They beat up black and Arab football fans, terrorise immigrant neighbourhoods, smash Muslim and Jewish gravestones, preach hate and rally support online. Norway's attacks laid bare a fringe of flourishing racist anger around Europe - and exposed the risk that it could erupt into violence anywhere, anytime.
In interviews and online forums, European far-right extremists have not softened their rhetoric since Norway's massacre left 77 dead. They may recoil at the attacker's methods, but not his message: that Muslim immigrants are a threat to European survival.
"If there were no immigrants, there would never have been this drama," one French blogger says. Jean-Marie Le Pen, France's firebrand icon of anti-immigrant politics, said Norway "did not estimate the global danger that massive immigration represents, which is the principal cause" of the attacks.

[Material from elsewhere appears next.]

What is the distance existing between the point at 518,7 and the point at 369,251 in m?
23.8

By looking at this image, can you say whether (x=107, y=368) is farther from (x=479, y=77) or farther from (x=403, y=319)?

The rise of anti-immigrant thought in the European political mainstream may even be increasing the risk. As far-right parties such as Le Pen's National Front have become more moderate and appealing to a broader spectrum of voters, they have jettisoned their most extreme members - creating rage at the farthest fringes.
"These most extreme members are then left alone without the moderating influence of their former party colleagues," said Marko Papic of US-based analyst group Stratfor.
In Internet chatter, some of the most extreme European voices even say Anders Behring Breivik wasn't xenophobic enough. Spain's Democracia Nacional, Russia's Slavic Union and the Swedish Resistance Movement dismissed him as a Zionist.
Europe's right-wing extremists are exceptional voices, numbering in the thousands. But their voices can take on disproportionate weight and skew perceptions of immigration.
Foreign-born people made up 9.4% of the population of the 27 European Union states last year, or 47 million of the EU's half a billion citizens, according to statistics agency Eurostat. But millions of those "foreigners" originally came from another EU country.